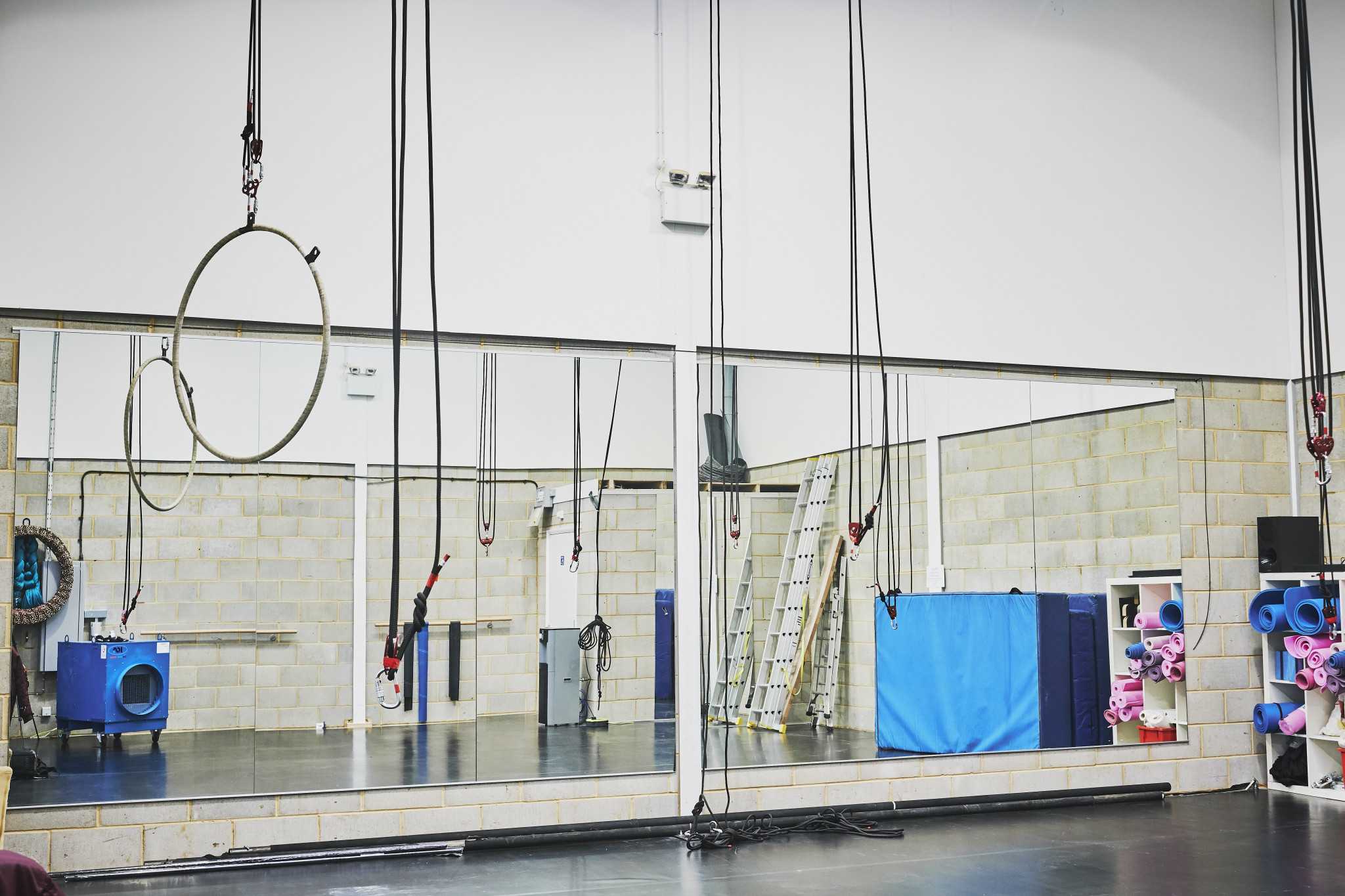 Unit B05 Modern Warehouse Circus Centre Leyton 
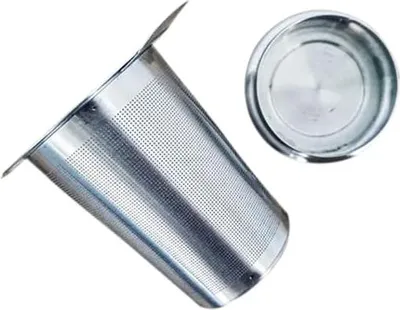 Image de Filtre à thé inox infuseur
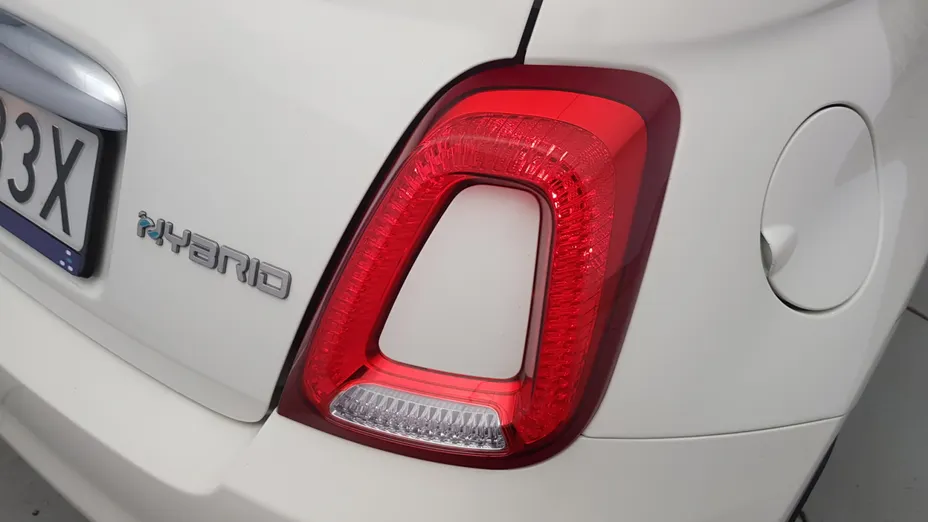 FIAT 500 500 1.0 Hybrid Dolcevita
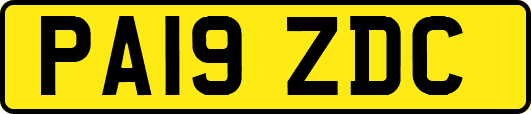 PA19ZDC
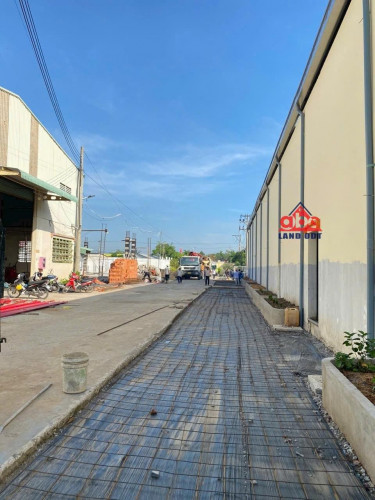 XT678 Cho thuê xưởng mới,  pháp lý chuẩn có PCCC tự động gần sân bay long thành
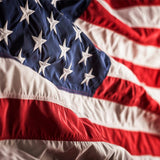 FREE With Purchase Today: 2' x 3' Nylon American Flag!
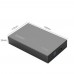 ORICO Aluminum 3.5 inch USB 3.0 to SATAIII External Hard Drive Enclosure up to 8TB 3.5 inch HDD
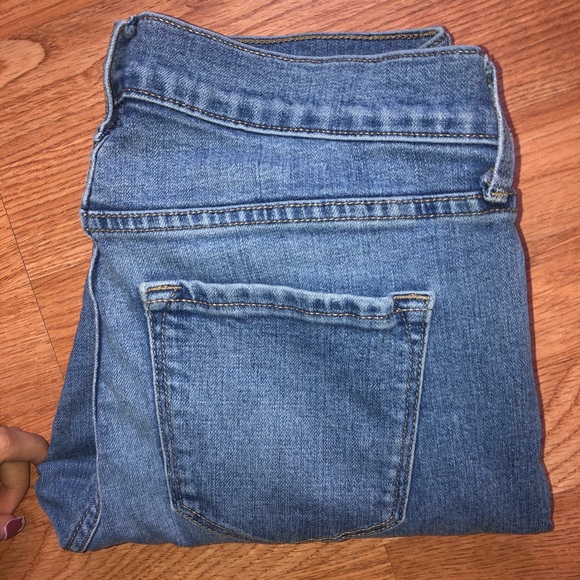 Mid rise jeans - Picture 4 of 4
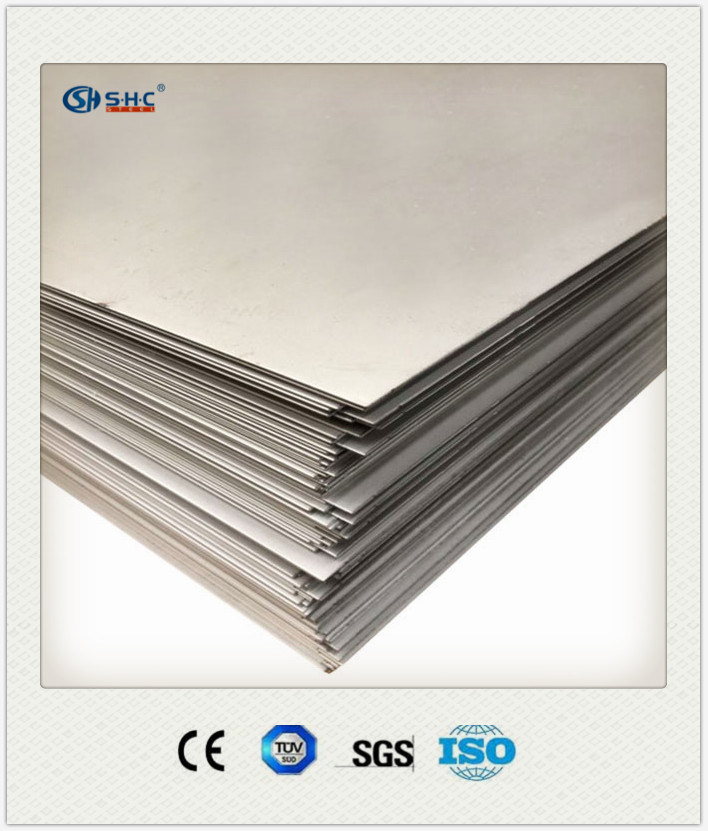 Brushed 410 Stainless Steel Sheet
= = =
Work instructions —
Above are the records; return them exactly, minus the pictures.

Result for this exercise —
 Unit B05 Modern Warehouse Circus Centre Leyton 
 Image de Filtre à thé inox infuseur
 FIAT 500 500 1.0 Hybrid Dolcevita
 PA19ZDC
 XT678 Cho thuê xưởng mới,  pháp lý chuẩn có PCCC tự động gần sân bay long thành
 FREE With Purchase Today: 2' x 3' Nylon American Flag!
 ORICO Aluminum 3.5 inch USB 3.0 to SATAIII External Hard Drive Enclosure up to 8TB 3.5 inch HDD
 Mid rise jeans - Picture 4 of 4
 Brushed 410 Stainless Steel Sheet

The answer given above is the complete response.